Unique removes duplicate results (on by default, since extraction usually wants a distinct set), and sort orders them alphabetically. The default example extracts email addresses and, with unique on, collapses the repeated address into a single entry. Use Copy list to grab everything at once.

The pattern is matched globally with your browser's own regex engine. Nothing is uploaded, so it is safe to extract data from internal logs, exports, or documents.

Extracting data with regular expressions

Extraction is one of the most practical uses of regular expressions. Instead of testing whether text matches a pattern, you scan the whole input and collect every place it does. A global match walks through the string and returns each hit in order, which turns an unstructured blob — a log file, an email thread, a scraped page, a CSV cell — into a tidy list of just the parts you care about. Common targets are email addresses, URLs, IP addresses, phone numbers, hashtags, ticket IDs, and numeric values.

Capture groups make extraction sharper. A pattern can match a broad context but capture only the piece you want: match href="(...)" across a page and output group 1 to get just the URLs, or match a key-value line and capture the value. Choosing the group to emit means you do not have to post-process the results to trim away surrounding text. That is why this tool lets you select which group becomes the output line.

Two refinements turn raw matches into usable data: deduplication and sorting. Real text repeats things — the same address, the same domain — so a distinct set is usually what you actually want, and sorting makes a long list scannable and diff-friendly. Keep in mind that regular expressions are pattern matchers, not parsers: they are perfect for well-shaped tokens like emails and IDs, but for deeply nested structures such as HTML or JSON a real parser is safer. For the everyday job of pulling repeated tokens out of text, a global regex with a capture group is hard to beat.

Common use cases

  • Harvesting contacts. Pull every email address or phone number out of a document or export into a clean list.
  • Collecting URLs. Extract all links from HTML or text, optionally capturing just the domain or path.
  • Mining logs. Grab all IDs, IPs, timestamps, or error codes that match a pattern for further analysis.
  • Building datasets. Turn messy source text into a sorted, deduplicated column ready to paste into a spreadsheet.

Frequently asked questions

How do I extract only part of each match?
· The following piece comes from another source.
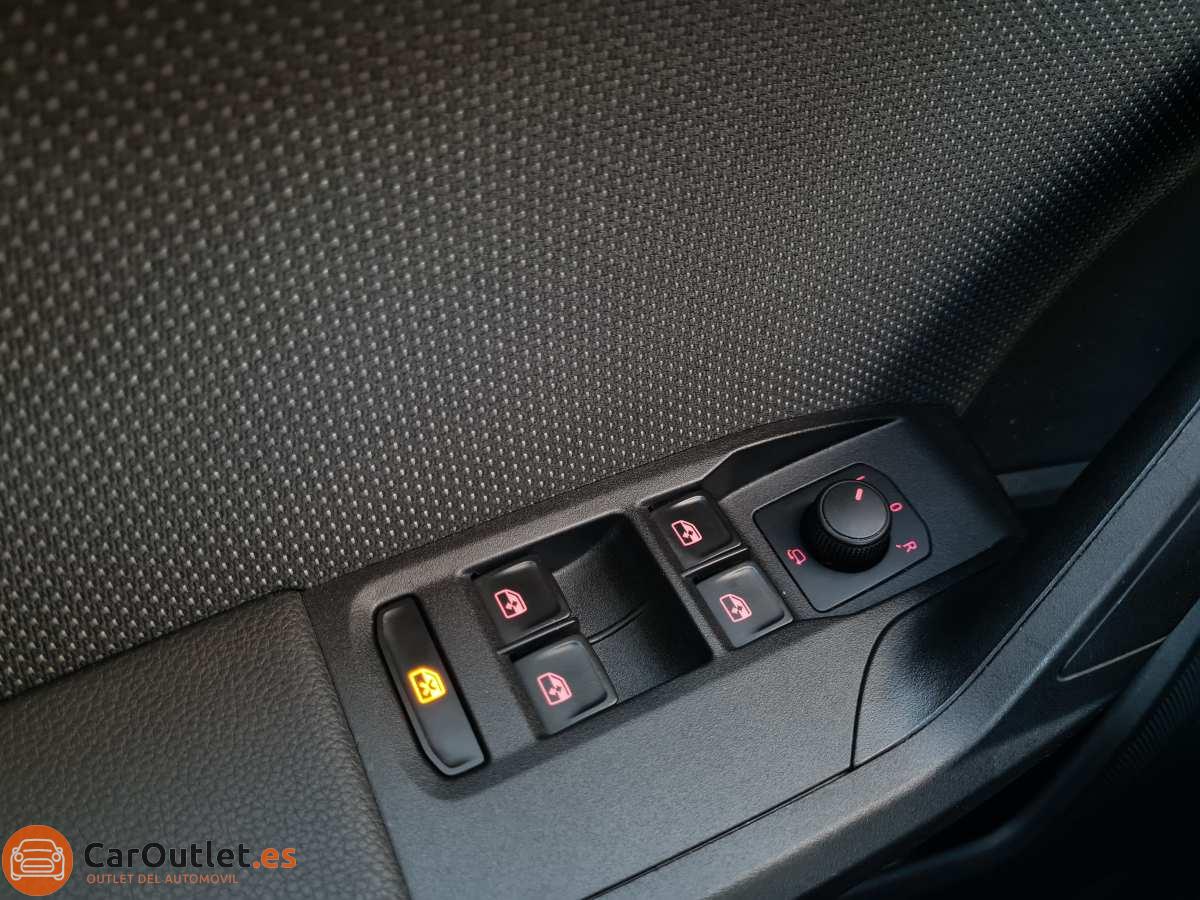 27 - Seat Arona 2017 - AUTO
Add a capture group to your pattern and select Group 1, 2, or 3 as the output. The tool then emits just that captured substring instead of the whole match.

Does it remove duplicates?

Yes, when the Unique option is on (the default). It keeps the first occurrence of each distinct result. Turn it off to keep every match including repeats.

Why are some expected matches missing?

Check case sensitivity and the multiline flag, and confirm your pattern is not too strict. Extraction always runs globally, so every non-overlapping match in the text is returned.

Can I extract from HTML reliably?

For simple tokens like URLs or attributes, yes. For nested or malformed HTML structure, a real parser is more robust — regex is best for well-shaped patterns.